Delta (rocket Family) - Delta Origins

Delta Origins

The original Delta rockets used a modified version of the PGM-17 Thor, the first ballistic missile deployed by the United States Air Force, as their first stage. The Thor had been designed in the mid-1950s to reach Moscow from bases in Britain or similar allied nations, and the first wholly successful Thor launch had occurred in September 1957. Subsequent satellite and space probe flights soon followed, using a Thor first stage with several different upper stages. The fourth upper stage used on the Thor was the Thor "Delta," delta being the fourth letter of the Greek alphabet. Eventually the entire Thor-Delta launch vehicle came to be called simply, "Delta."

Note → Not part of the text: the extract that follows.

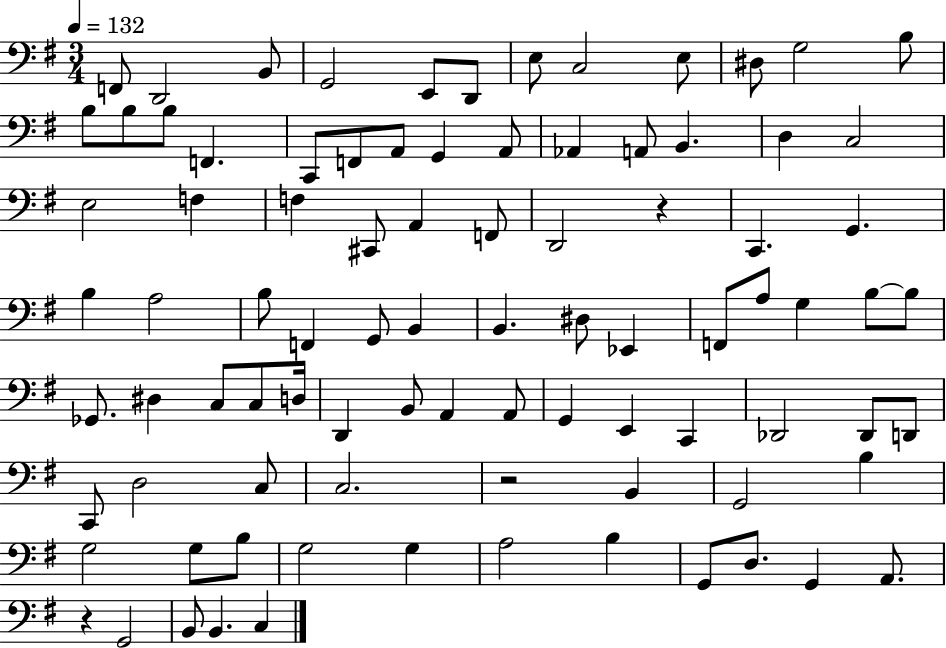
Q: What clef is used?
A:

NASA intended Delta as "an interim general purpose vehicle" to be "used for communication, meteorological, and scientific satellites and lunar probes during '60 and '61". The plan was to replace Delta with other rocket designs when they came on-line. The Delta design emphasized reliability rather than performance by replacing components which had caused problems on earlier Thor flights. NASA let the original Delta contract to the Douglas Aircraft Company in April 1959 for 12 vehicles of this design:

  • Stage 1: Modified Thor IRBM with a Block I MB-3 engine producing 152,000 lbf (680 kN) thrust. (LOX/RP1 turbopump, gimbal mounted engine, two verniers for roll control)
  • Stage 2: Modified Able. Pressure fed UDMH/nitric acid powered Aerojet AJ-10-118 engine producing 7,700 lbf (34 kN). This reliable engine cost $4 million to build and is still flying in modified form today. Gas jet attitude control system.
  • Stage 3: Altair. A spin stabilized (via a turntable on top of the Able) at 100 rpm by two solid rocket motors before separation. One ABL X-248 solid rocket motor provided 2,800 lbf (12 kN) of thrust for 28 seconds. The stage weighed 500 pounds (230 kg) and was largely constructed of wound fiberglass.

These vehicles would be able to place 650 pounds (290 kg) into a 150 to 230 miles (240 to 370 km) LEO or 100 pounds (45 kg) into GTO. Eleven of the twelve initial Delta flights were successful. The total project development and launch cost came to $43 million, $3 million over budget. An order for 14 more vehicles was let before 1962.